[Image-text web data]
· · · · · · ·

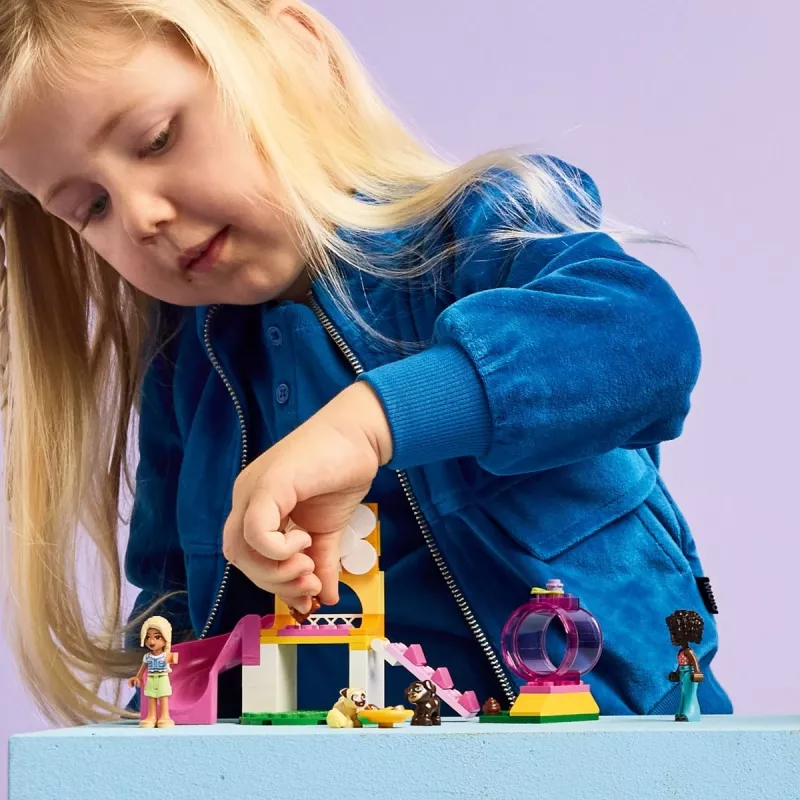 LEGO Friends Šuniukų žaidimų aikštelė 42665, 66 dalių, 2 minifigūrėlės, amžius 4+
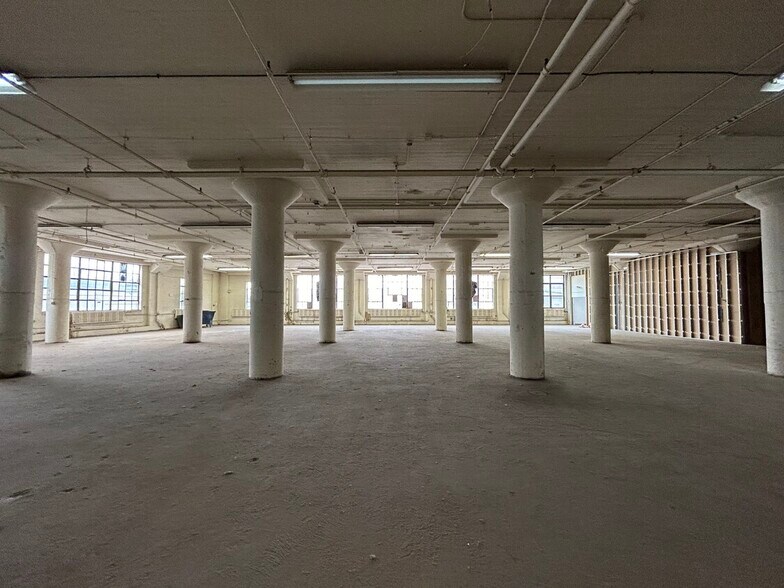 401-435 N Western Ave, Chicago, IL à vendre - Photo intérieure - Image 3 de 15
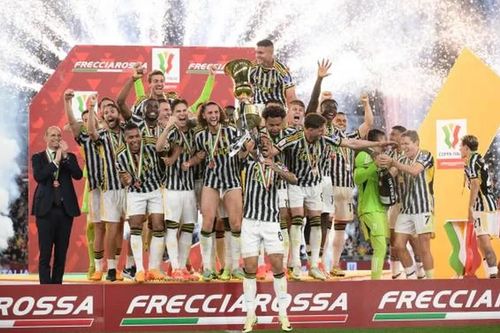 Juventus khó xử vì Allegri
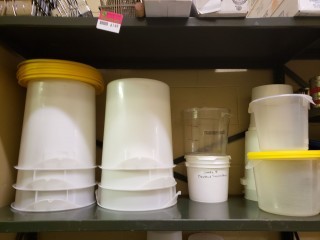 lot 6148 image: Five Rubbermaid 22 QT with Lids and Assortment of Mixing Containers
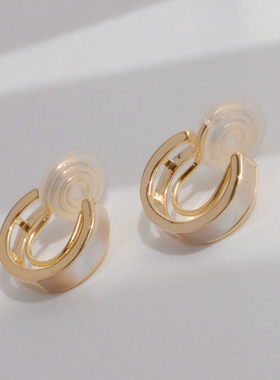 气质百搭贝壳耳圈蚊香盘耳夹女ins高级感无痛无耳洞硅胶垫耳饰新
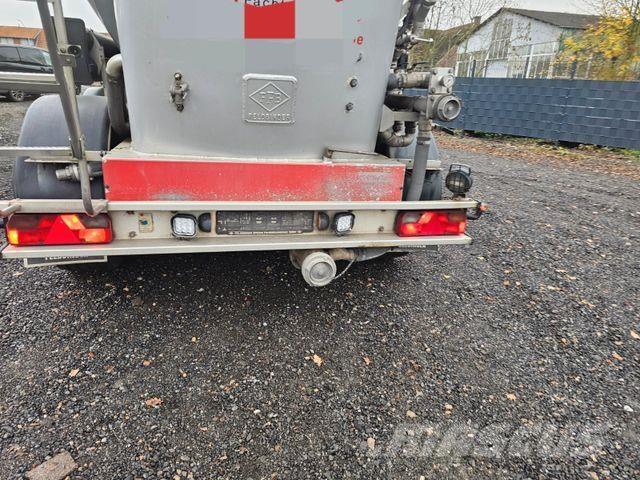 Feldbinder 46m³ Polprikolice cisterne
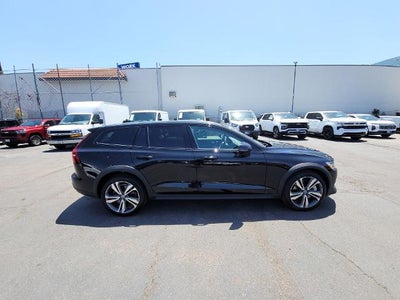 2025 Volvo V60 Cross Country Plus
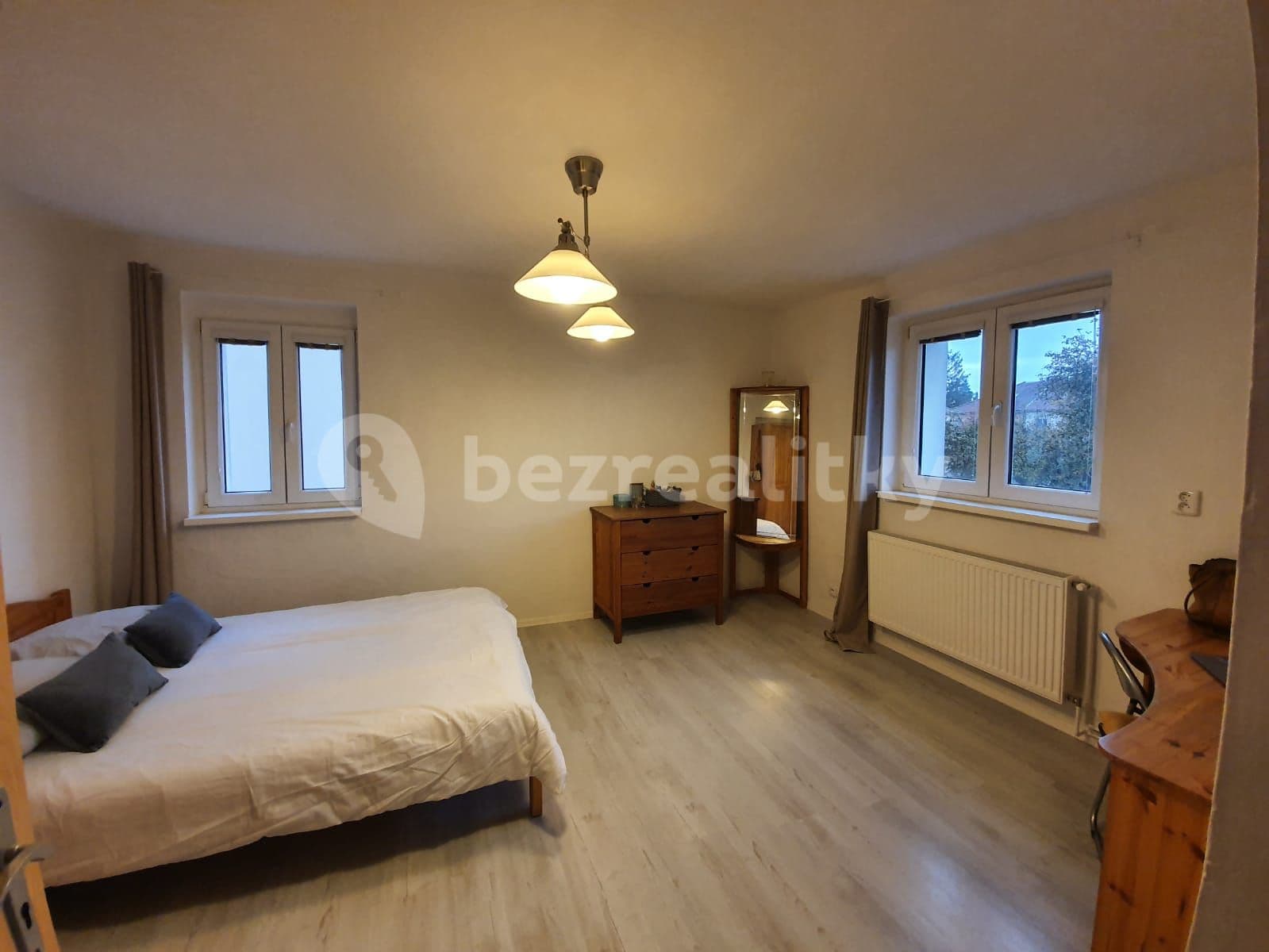 Pronájem bytu 2+1 65 m², Vysokoškolská, Praha, Praha Pronájem bytu 2+1 65 m², Vysokoškolská, Praha, Praha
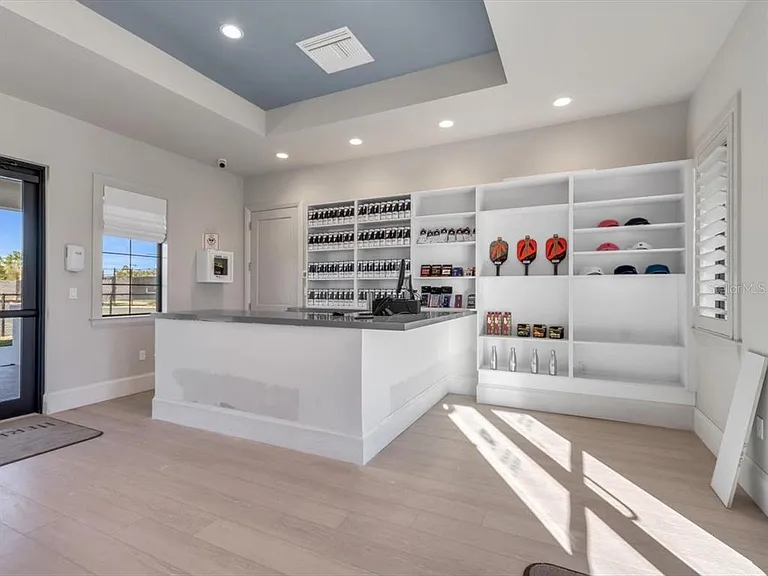 14214 Heritage Landing Blvd #817 — Photo 77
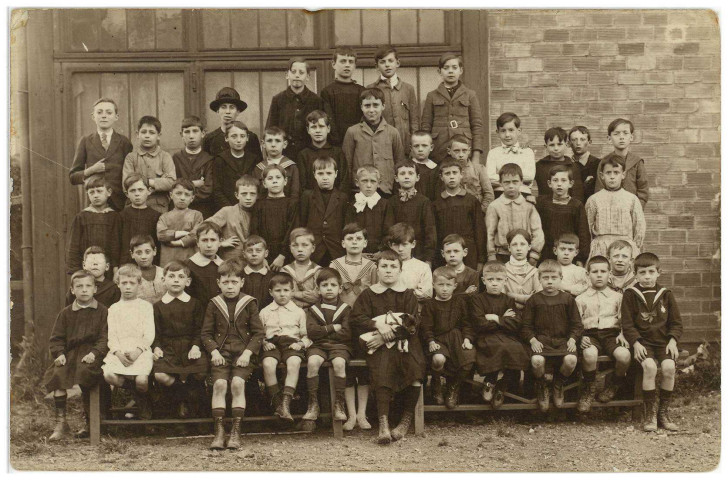Louviers-Ville. Patronage Saint Pierre 1923.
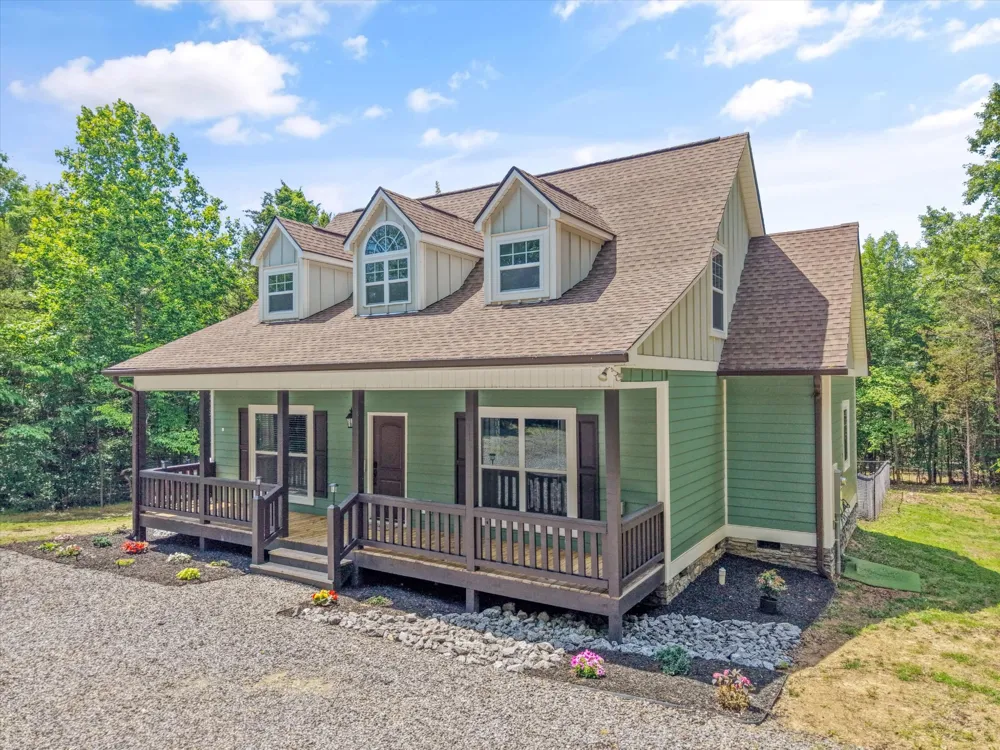 1925 Harbor Ln Dandridge, TN 37725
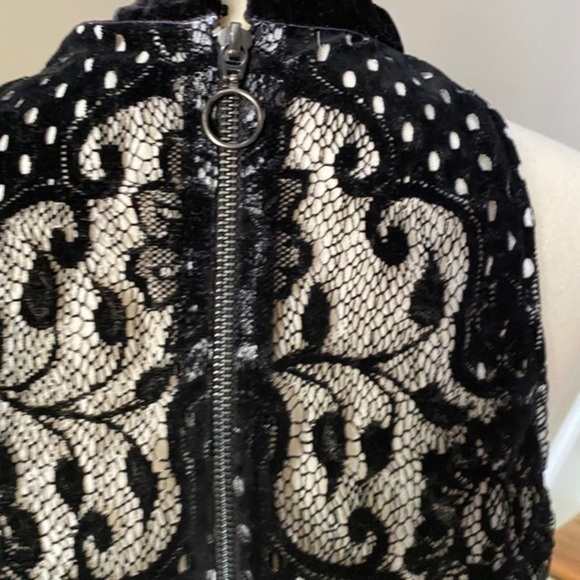 Free People Velvet Lace Black Top - Picture 9 of 11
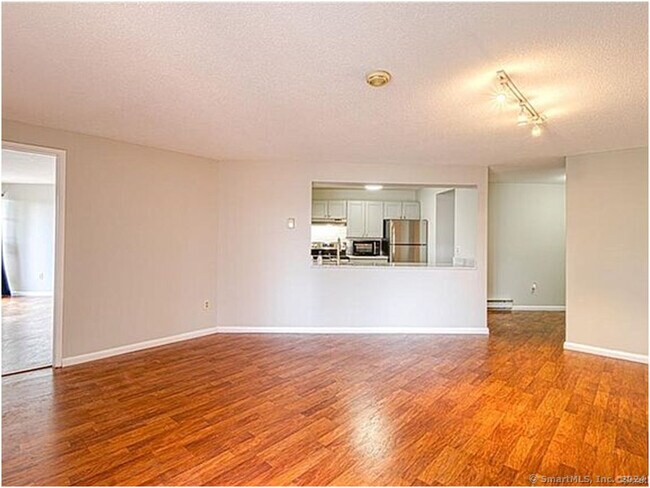 Building Photo - 181 Loomis Dr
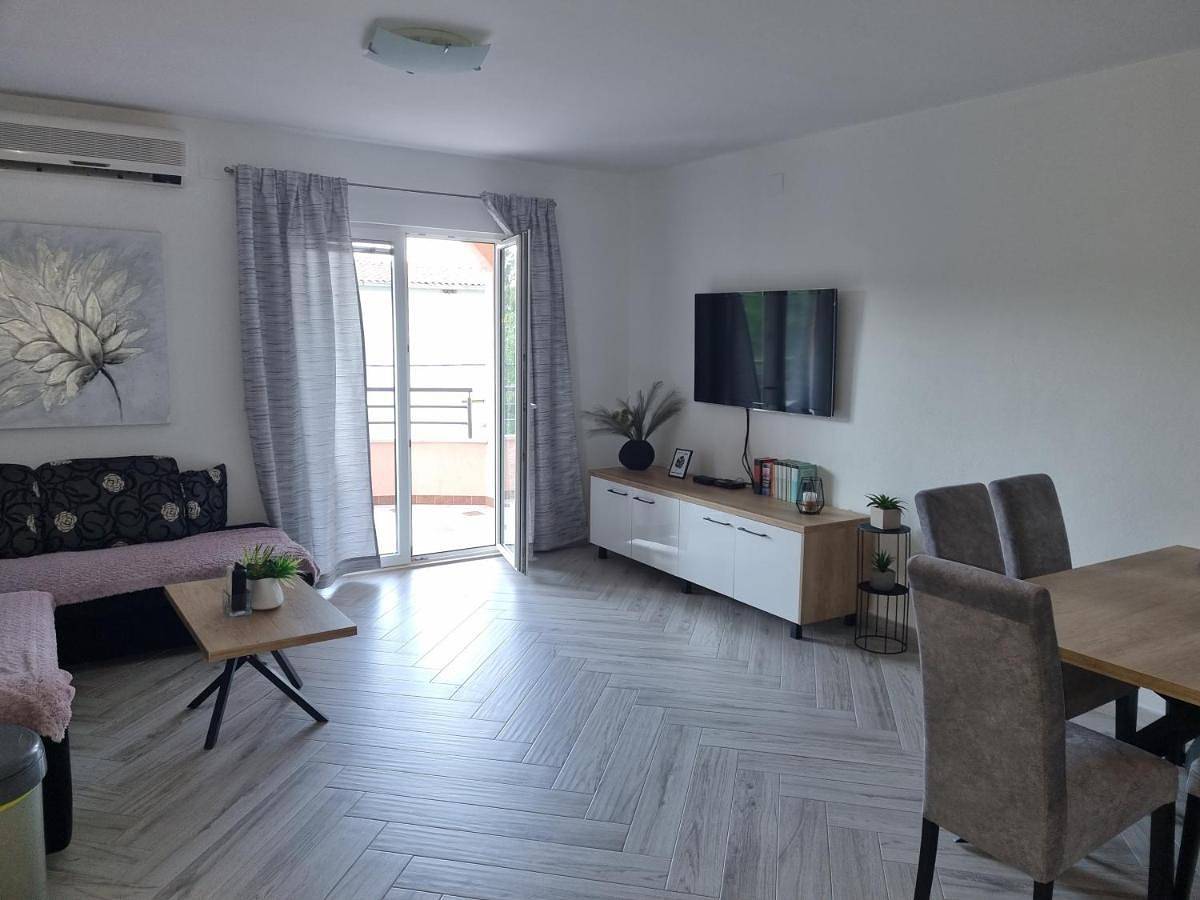 Ganze Wohnung, Apartments Ledic in Krvavica, Makarska Riviera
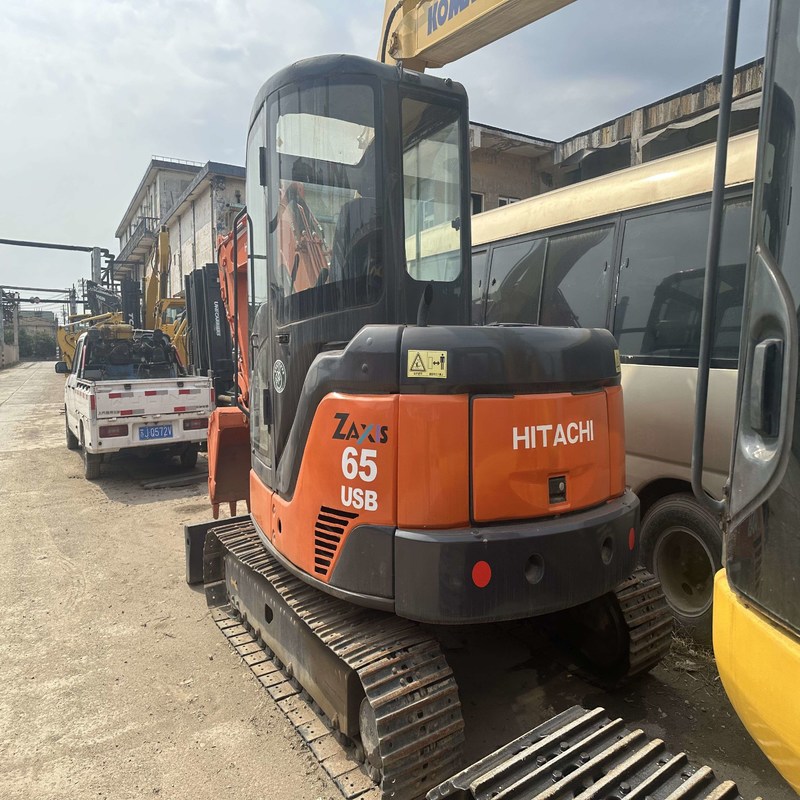 Excavadoras Mini Repossessed Hidráulicas de segunda mão Hitachi ZX65 6.5ton 40.5kw 0.27m3 balde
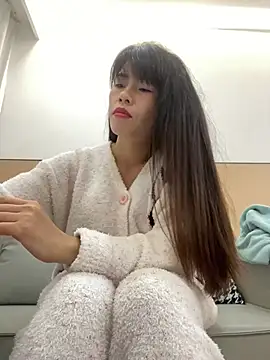 Snapshot of Miss_me29 chatting on February 10, 2:15 am Miss me29 online show from February 10, 2:15 am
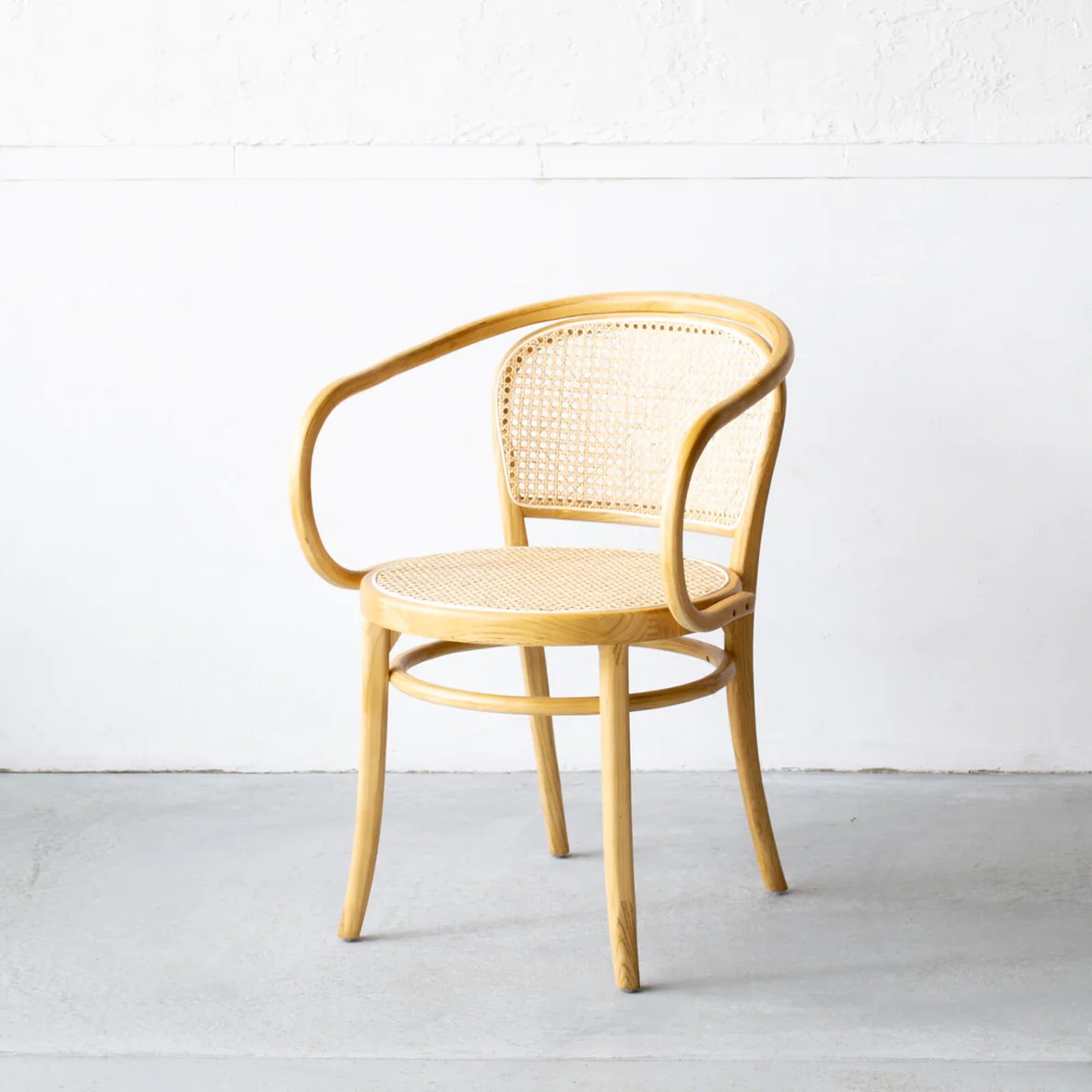 THONET No.33Arm Chair Naturalラタンチェア TON No.33 Arm Chair Natural Le Corbusier Corbusier Chair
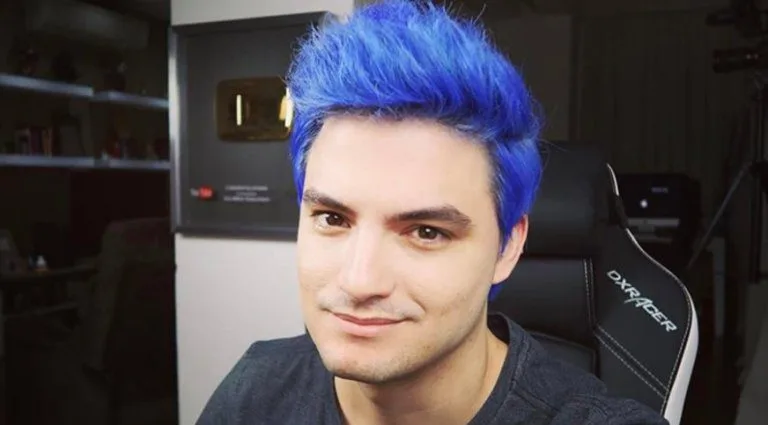 FELIPE NETO XINGA CATÓLICOS E CHAMA NOSSA SENHORA DE SURDA, VEJA O VÍDEO:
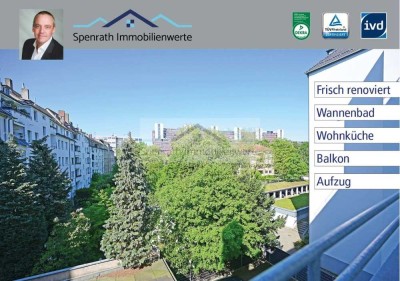 Großzügige Renovierte 3 Zimmer, Balkon, Wohnküche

· · · · · · ·

§ Brief: Leave out the pictures and give the rest of the records again exactly.

§ Exercise solution:
 LEGO Friends Šuniukų žaidimų aikštelė 42665, 66 dalių, 2 minifigūrėlės, amžius 4+
 401-435 N Western Ave, Chicago, IL à vendre - Photo intérieure - Image 3 de 15
 Juventus khó xử vì Allegri
 lot 6148 image: Five Rubbermaid 22 QT with Lids and Assortment of Mixing Containers
 气质百搭贝壳耳圈蚊香盘耳夹女ins高级感无痛无耳洞硅胶垫耳饰新
 Feldbinder 46m³ Polprikolice cisterne
 2025 Volvo V60 Cross Country Plus
 Pronájem bytu 2+1 65 m², Vysokoškolská, Praha, Praha Pronájem bytu 2+1 65 m², Vysokoškolská, Praha, Praha
 14214 Heritage Landing Blvd #817 — Photo 77
Louviers-Ville. Patronage Saint Pierre 1923.
 1925 Harbor Ln Dandridge, TN 37725
 Free People Velvet Lace Black Top - Picture 9 of 11
 Building Photo - 181 Loomis Dr
 Ganze Wohnung, Apartments Ledic in Krvavica, Makarska Riviera
 Excavadoras Mini Repossessed Hidráulicas de segunda mão Hitachi ZX65 6.5ton 40.5kw 0.27m3 balde
 Snapshot of Miss_me29 chatting on February 10, 2:15 am Miss me29 online show from February 10, 2:15 am
 THONET No.33Arm Chair Naturalラタンチェア TON No.33 Arm Chair Natural Le Corbusier Corbusier Chair
 FELIPE NETO XINGA CATÓLICOS E CHAMA NOSSA SENHORA DE SURDA, VEJA O VÍDEO:
 Großzügige Renovierte 3 Zimmer, Balkon, Wohnküche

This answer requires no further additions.